The Library of the World’s Best Literature. An Anthology in Thirty Volumes. 1917.

The Beginning of a “Grand Passion”

By Hector Berlioz (1803–1869)

From Berlioz’s Autobiography

I HAVE now come to the grand drama of my life; but I shall not relate all its painful details. It is enough to say that an English company came over to perform Shakespeare’s plays, then entirely unknown in France, at the Odéon. I was present at the first performance of ‘Hamlet,’ and there, in the part of Ophelia, I saw Miss Smithson, whom I married five years afterward. I can only compare the effect produced by her wonderful talent, or rather her dramatic genius, on my imagination and heart, with the convulsion produced on my mind by the work of the great poet whom she interpreted. It is impossible to say more.

This sudden and unexpected revelation of Shakespeare overwhelmed me. The lightning-flash of his genius revealed the whole heaven of art to me, illuminating its remotest depths in a single flash. I recognized the meaning of real grandeur, real beauty, and real dramatic truth; and I also realized the utter absurdity of the ideas circulated by Voltaire in France about Shakespeare, and the pitiful pettiness of our old poetic school, the offspring of pedagogues and frères ignorantins.

But the shock was too great, and it was a long while before I recovered from it. I became possessed by an intense, overpowering sense of sadness, that in my then sickly, nervous state produced a mental condition adequately to describe which would take a great physiologist. I could not sleep, I lost my spirits, my favorite studies became distasteful to me, and I spent my time wandering aimlessly about Paris and its environs. During that long period of suffering, I can only recall four occasions on which I slept, and then it was the heavy, death-like sleep produced by complete physical exhaustion.
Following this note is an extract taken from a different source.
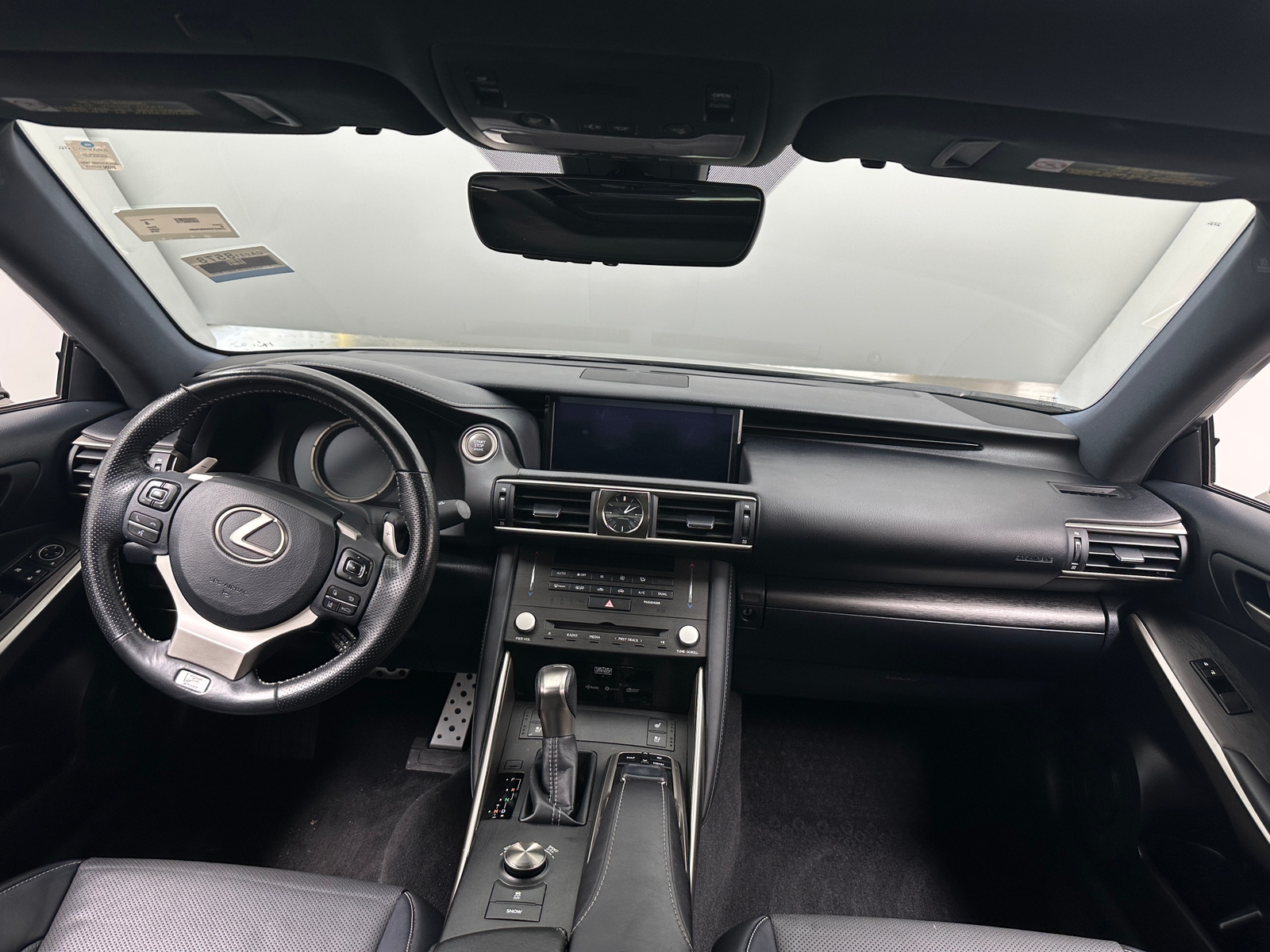 Thumbnail: 2019 Lexus IS - 3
These were one night when I had thrown myself down on some sheaves in a field near Ville-Juif; one day in a meadow in the neighborhood of Sceaux; once on the snow on the banks of the frozen Seine, near Neuilly; and lastly, on a table in the Café du Cardinal at the corner of the Boulevard des Italiens and the Rue Richelieu, where I slept for five hours, to the terror of the garçons, who thought I was dead and were afraid to come near me.

It was on my return from one of these wanderings, in which I must have seemed like one seeking his soul, that my eyes fell on Moore’s ‘Irish Melodies,’ lying open on my table at the song beginning “When he who adores thee.” I seized my pen, and then and there wrote the music to that heart-rending farewell, which is published at the end of my collection of songs, ‘Irlande,’ under the title of ‘Elégie.’ This is the only occasion on which I have been able to vent any strong feeling in music while still under its influence. And I think that I have rarely reached such intense truth of musical expression, combined with so much realistic power of harmony.